The ensemble approach, in its wider definition (not only meteorological ensemble forecasting), is an elegant way to generate probabilistic forecasts. It “samples” within what’s uncertain (initial conditions, model parameters and structure, etc.), to then generate simulations based on equations that simulate physical processes. It results in probabilistic predictions whose uncertainty is “dynamic”, in the sense that it is specific to each forecast case. And that’s what decision makers like.
But generating ensemble streamflow predictions that are reliable requires to combine various ensemble techniques that tackle all the main sources of uncertainty. For instance, I remember the study of Thiboult et al. (2016), who combined meteorological ensembles, hydrological data assimilation (to provide an ensemble of initial model states) and a hydrological multi-model, to generate streamflow forecasts with 50,000 members. While this is highly interesting from a science perspective, it still seems unaffordable for most operational forecasting centers.
This is where statistical corrections come into play. For us hydrologists, we usually refer to pre-processing and post-processing the correction of the meteorological forecasts and of the streamflow forecasts, respectively. I like to see the pre-processing as an “amplifier” of the meteorological signal, to make sure it is strong enough to pass through the hydrological model, and the post-processing as a “last chance” correction that ensures the reliability of the output streamflow forecasts (treating the hydrological uncertainty mostly, but also any other source of uncertainty that remains).
A pragmatic approach to obtain good streamflow forecasts is therefore to combine ensemble-based techniques with statistical corrections.

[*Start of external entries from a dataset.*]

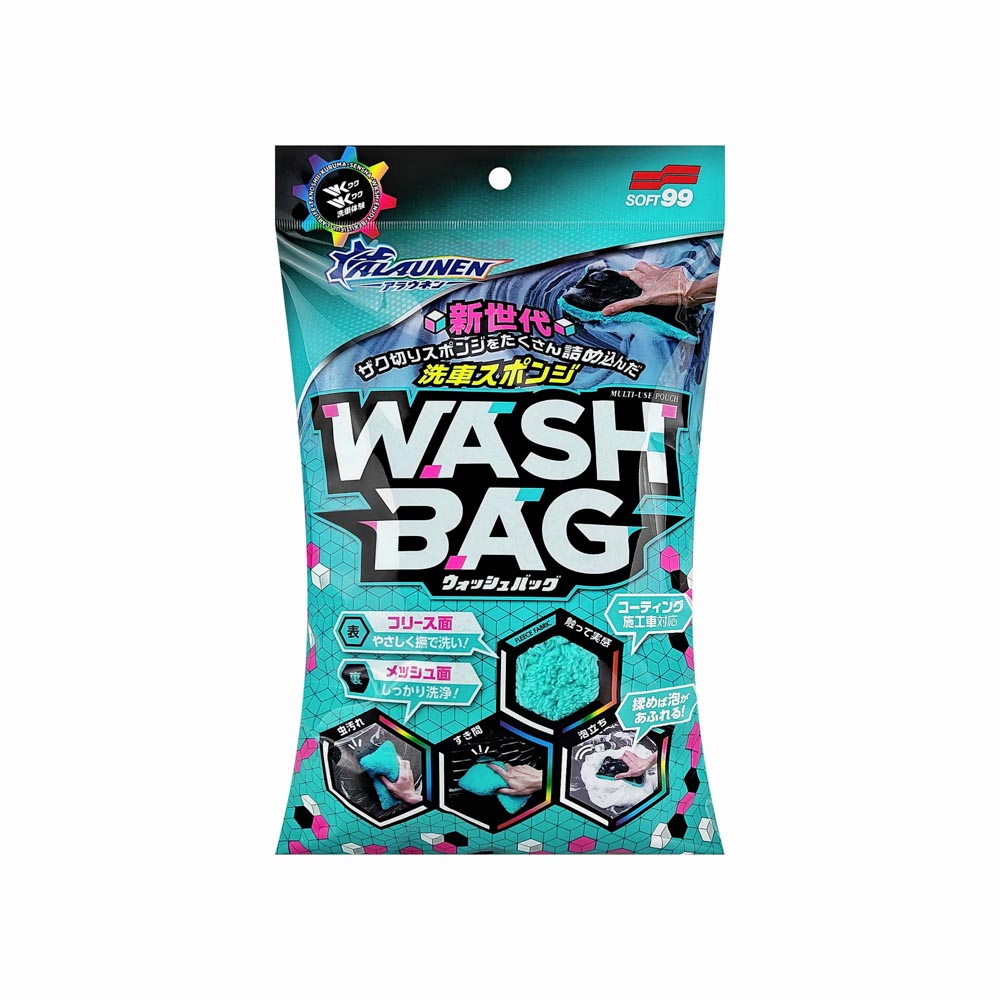 Soft99 Alaunen Wash Bag - dwustronna gąbka samochodowa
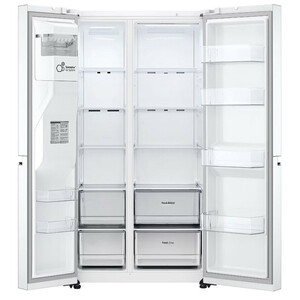 یخچال فریزر ساید بای ساید  ال جی مدل GC-J257SQSV سفید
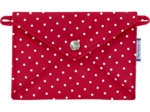 Petite pochette enveloppe pois rouge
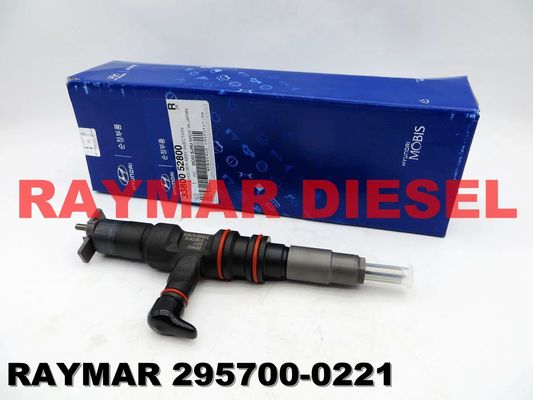 295700-0221 حاقن محرك الديزل DENSO حاقن السكك الحديدية المشتركة لمحرك HYUNDAI F 33800-52800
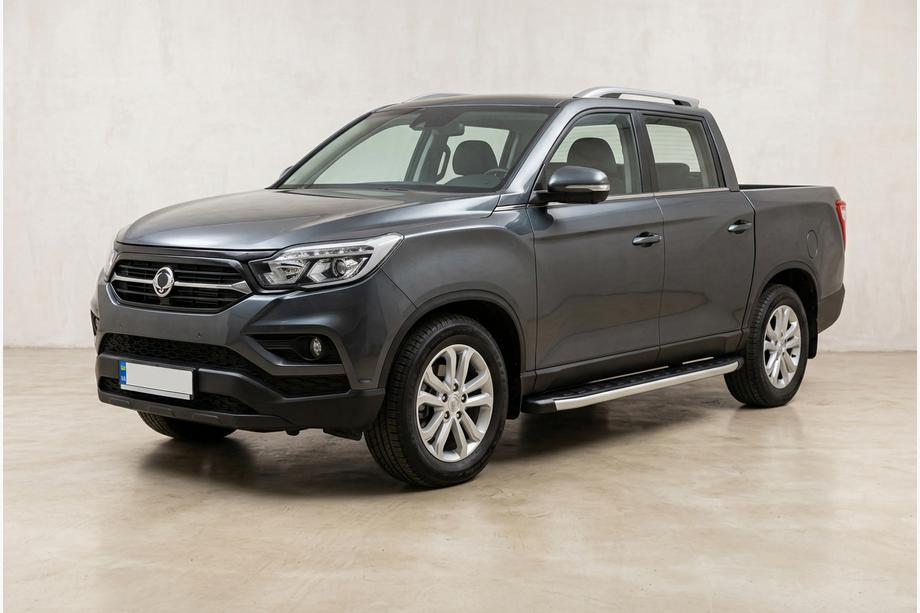 SsangYong Musso II 2018– Side Steps Fullmond (2 pcs, Aluminum) Image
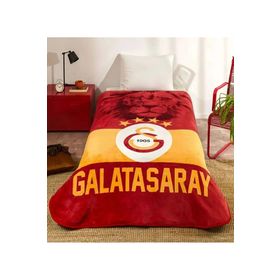 Taç Galatasaray Klasik Aslan Lisanslı Tek Kişilik Battaniye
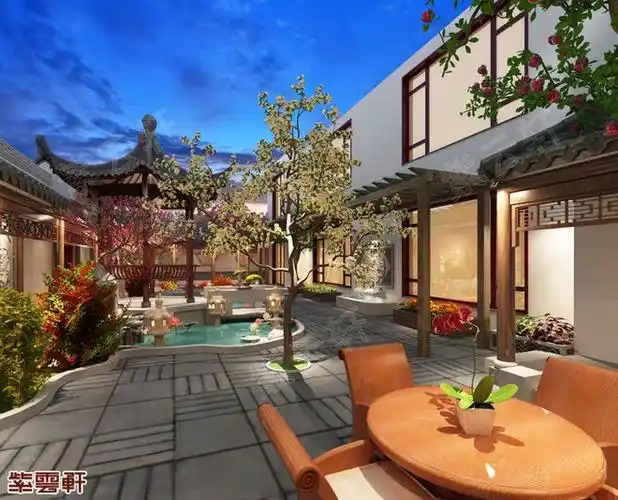 古韵古香现代中式四合院设计效果图欣赏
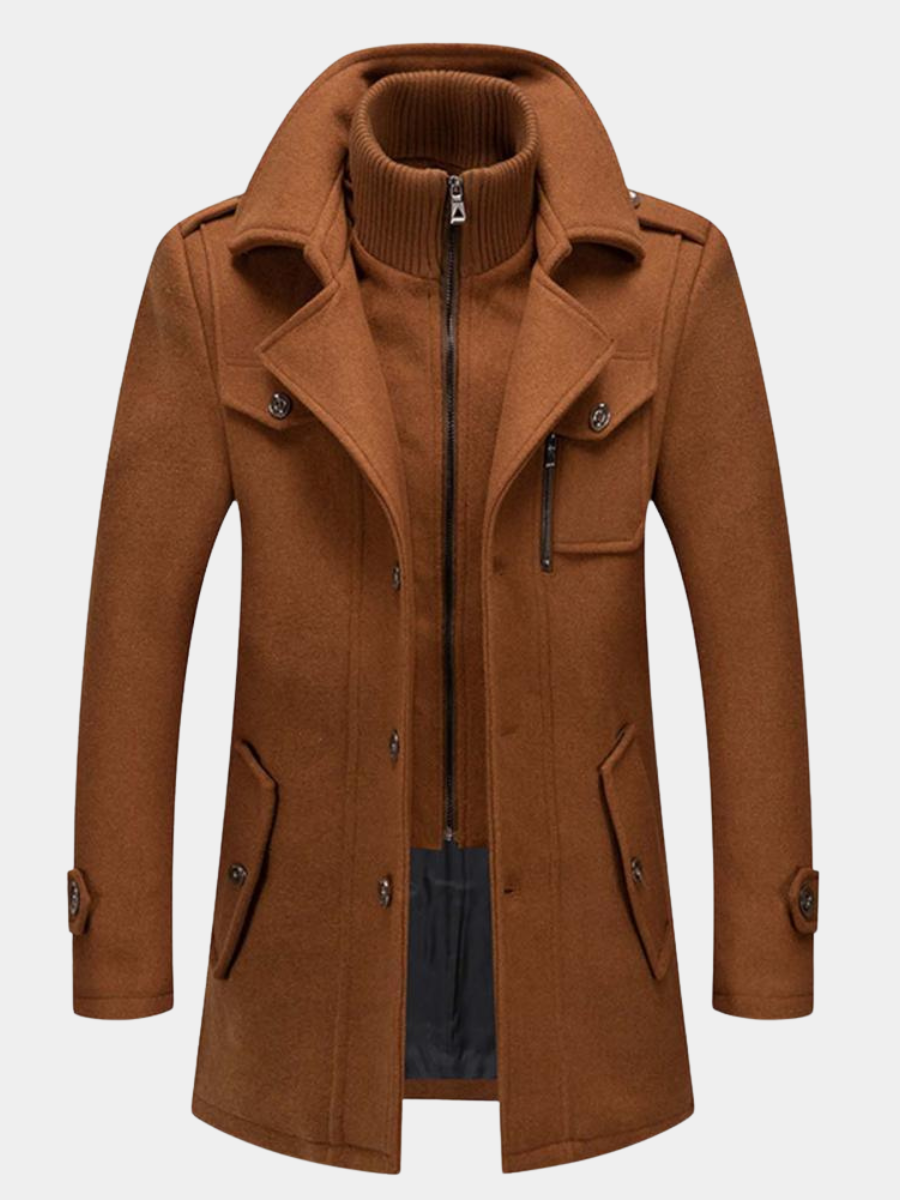 LONG BUTTON WINTER JACKET FOR MEN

But each of these components has a cost, which can be financial (access to meteorological forecasts), scientific (skills required to develop the algorithms and ensure their support), or computational (resources for running ensemble simulations), so being able to prioritize their development is highly valuable.
In a paper that we (G. Bontron, I. Zin, and myself) recently published, entitled Selecting components in a probabilistic hydrological forecasting chain: the benefits of an integrated evaluation, we start from a “baseline” forecasting chain, which simply comprises a meteorological ensemble (the ECMWF) and a hydrological model (GRP), and we gradually introduce more sophisticated components, either based on the ensemble approach (meteorological grand ensemble, hydrological multi-model) or on statistical corrections (pre-processing, post-processing).

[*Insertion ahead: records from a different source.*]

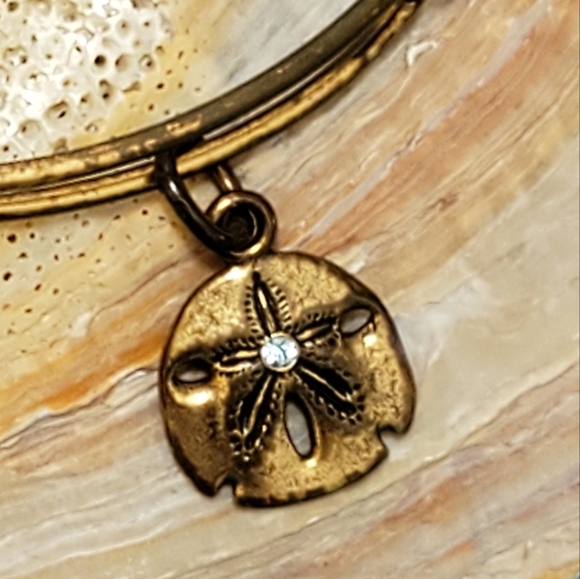 Alex & Ani sand dollar charm bangle, Rafaelian gold - Picture 3 of 5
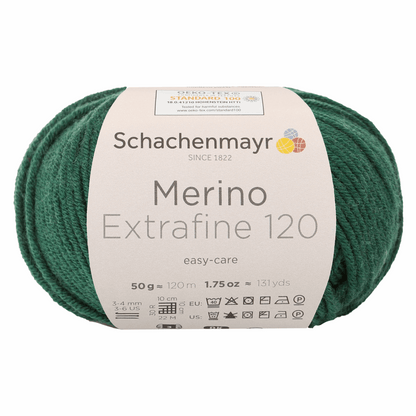 Schachenmayr Merino Extrafine 120 50g, 90552, color fir 172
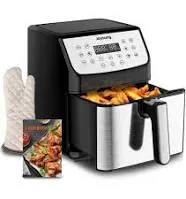 JOYOUNG Air Fryer 5.8QT Detachable Double Basket Air Fryers 1700W 13-in-1 Presets Airfryer One Touch LED Touchscreen Air Fryer Toaster Oven with Recipe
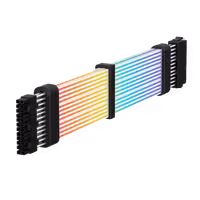 کابل اسلیو گیم مکس ARGB Extension 3x8pin GPU Sleeve BLACK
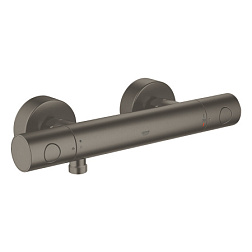 Настенный смеситель без излива Grohtherm 1000 Cosmopolitan графит, без лейки, термостат, Grohe 34065AL2 Grohe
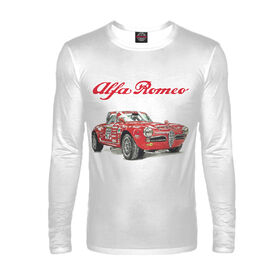 Мужской лонгслив с принтом Alfa Romeo motorsport ,  |  | Тематика изображения на принте: 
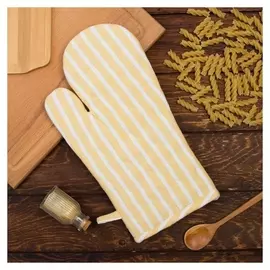 Варежка-прихватка "Натурэль" 18х33см, 170 гр/м2, 100% хлопок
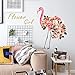 Produktbild Kreative Blume Flamingo Wohnzimmer Schlafzimmer Abnehmbare DIY Vinyl Wandaufkleber Dekoration Kunst Decals Wandbild Poster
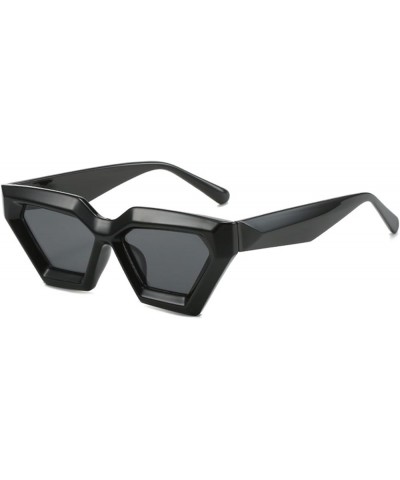 Diamond Shaped Trend Cat Eye Women And Men Sunglasses Outdoor Vacation UV400 Sunglasses Gift B $14.78 Designer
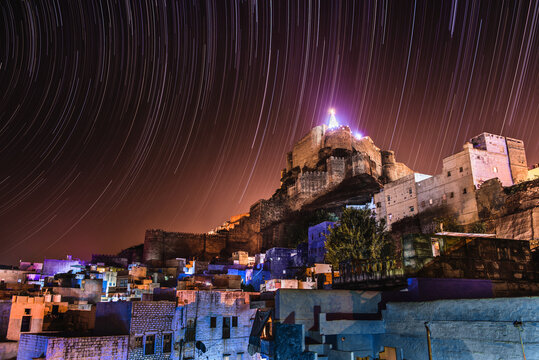 Startrails Over Old Town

We evaluated the streamflow forecasts obtained with the 3 x 2 x 2 x 2 = 24 possible combinations of components, on 6 basins located on the French upper Rhone River, and using a variety of metrics.

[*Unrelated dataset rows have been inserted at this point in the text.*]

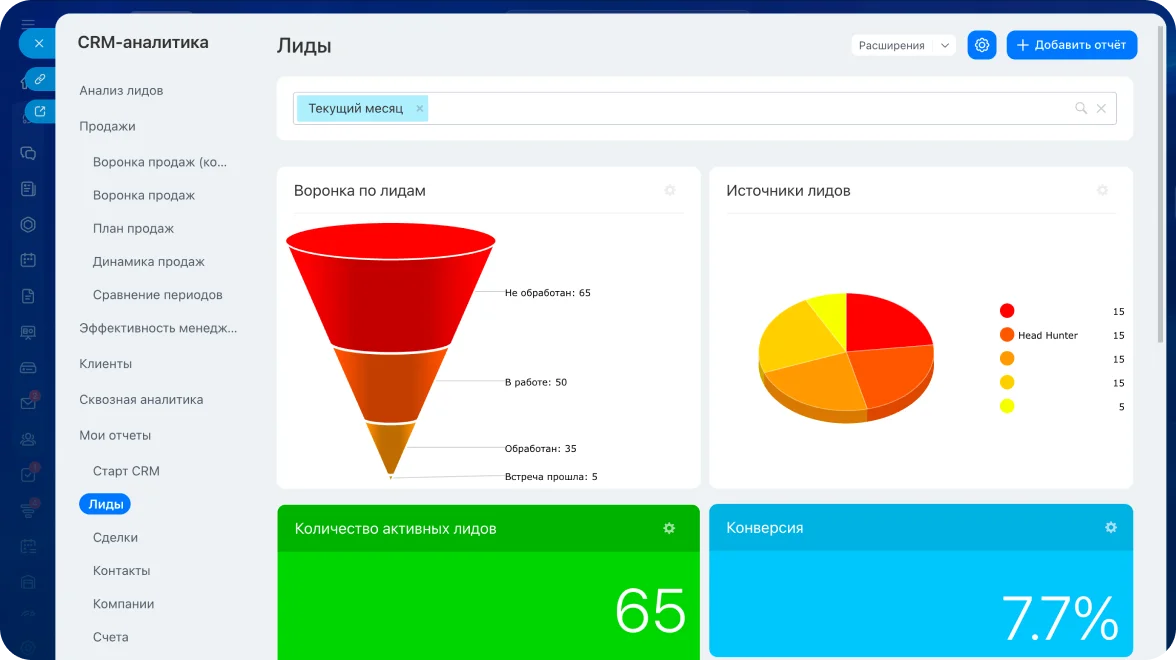 Отчёты всегда под рукой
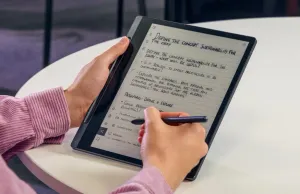 Lenovo made an E-ink/OLED combo laptop as well as their answer to the Amazon Scribe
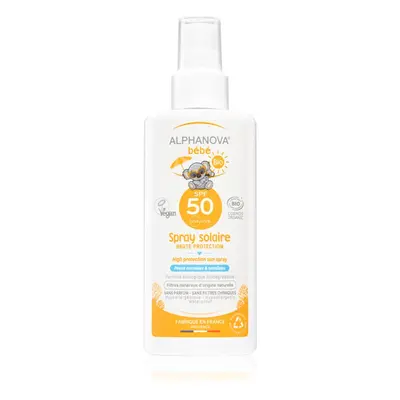 Alphanova Sun Baby opalovací sprej pro děti 125 g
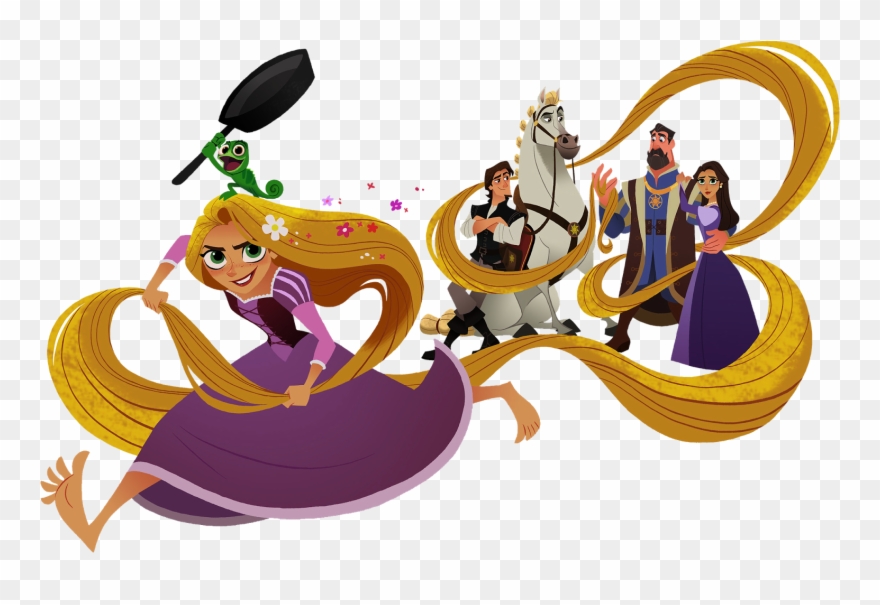 Rapunzel Clipart Rapunzel Disney - Png Download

First of all, it has been comforting to see that at each stage of the chain it was always the most sophisticated component that gave the best results on streamflow, no matter how complex the rest of the chain was. In other words, it means that modelers can work on their own to improve a specific component (e.g., a pre-processing), and it will most likely be beneficial on the final streamflow forecasts.
But then, we wanted to study some specific questions that are of interest for someone who wants to build a forecasting chain from scratch.
For instance, there is strong debate in the hydrological forecasting community about the need of two statistical corrections. In 2015, M-A Boucher wrote a blog post whose title was “Pre-, post-processing, or both?”. She mentioned several papers (Kang et al. 2010; Verkade et al., 2013; Zalachori et al., 2012) that had investigated the issue, and they were all concluding that the benefit of pre-processing vanishes almost entirely after post-processing is applied.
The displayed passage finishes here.